#### Raw data:
####################
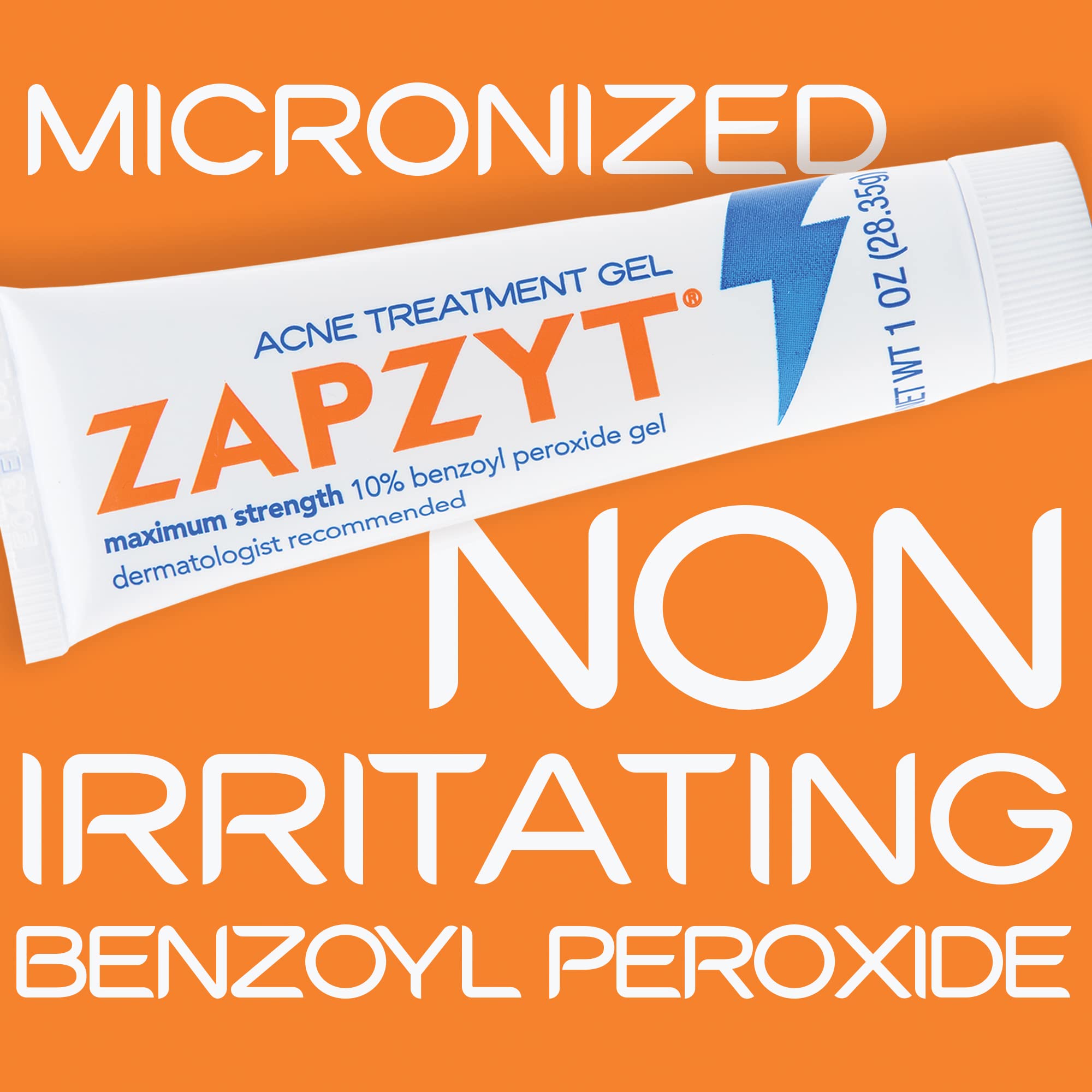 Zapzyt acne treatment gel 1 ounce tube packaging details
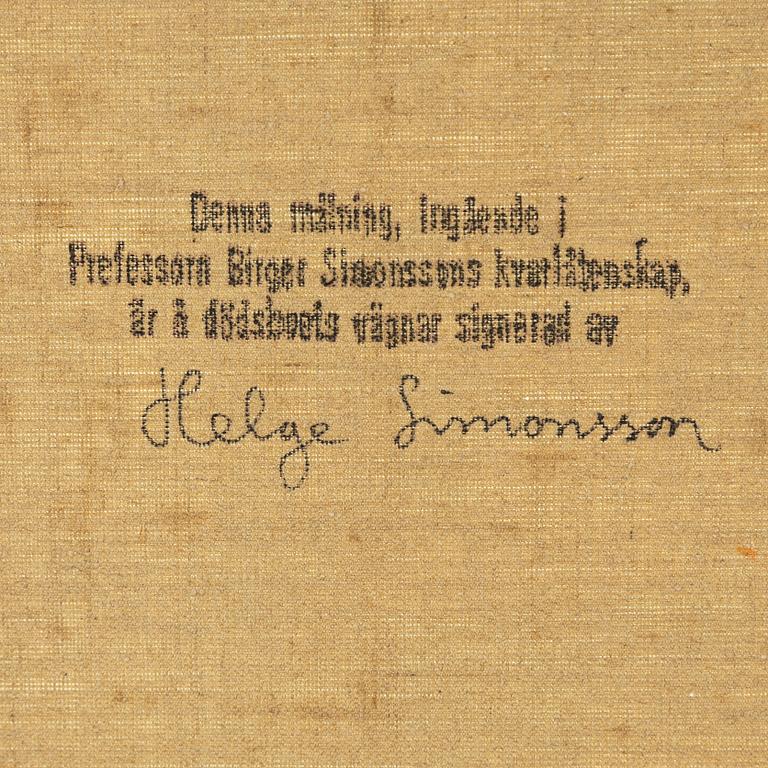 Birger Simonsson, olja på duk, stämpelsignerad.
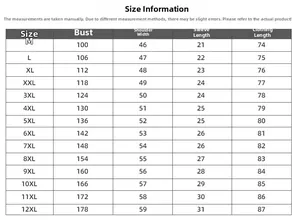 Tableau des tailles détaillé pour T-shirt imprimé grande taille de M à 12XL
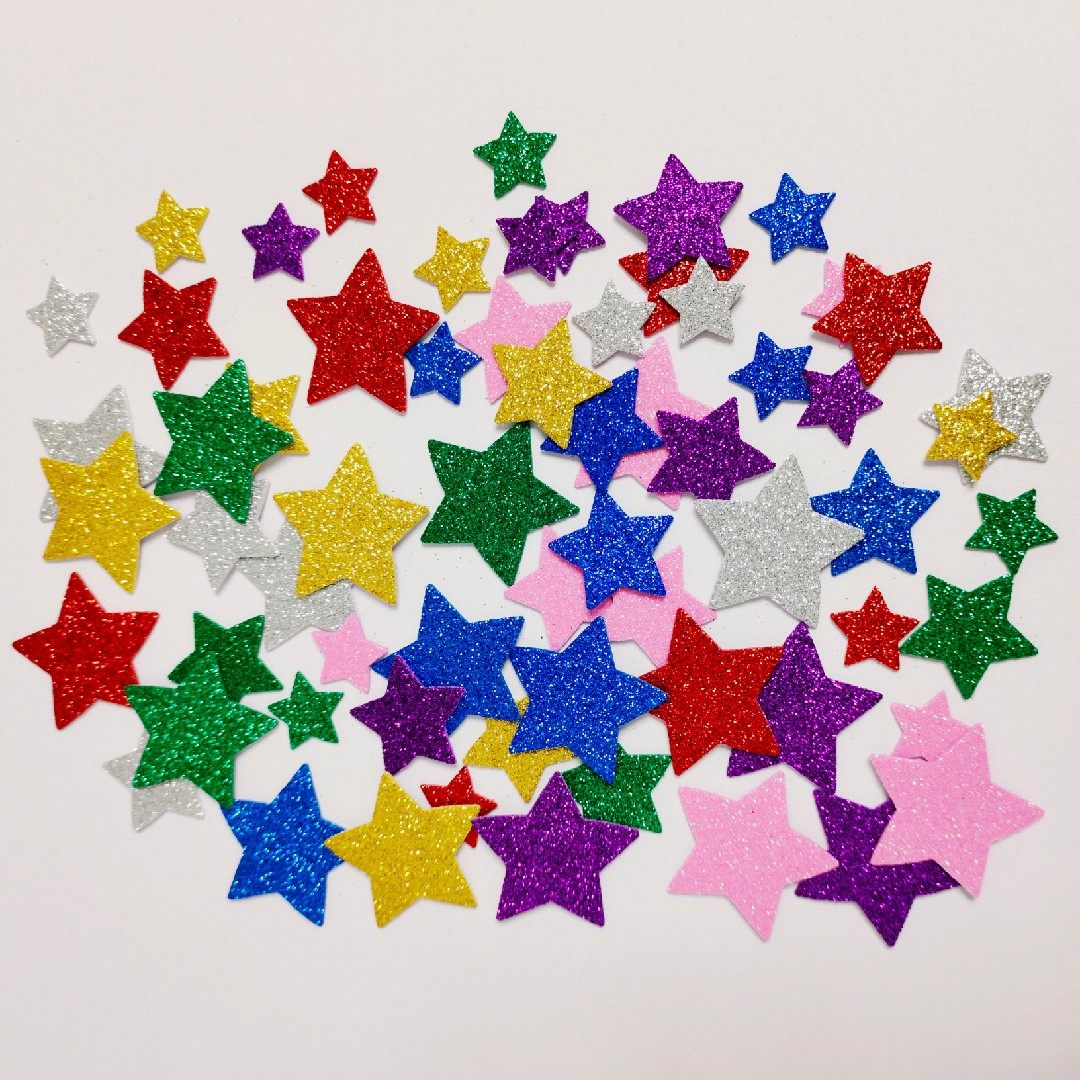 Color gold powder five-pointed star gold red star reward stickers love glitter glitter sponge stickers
####################
#### What this task involves:
Everything from the line containing "Birger Simonsson, olja" through the final line of the material must be set down exactly, except the pictures.

#### Written answer:
 Birger Simonsson, olja på duk, stämpelsignerad.
 Tableau des tailles détaillé pour T-shirt imprimé grande taille de M à 12XL
 Color gold powder five-pointed star gold red star reward stickers love glitter glitter sponge stickers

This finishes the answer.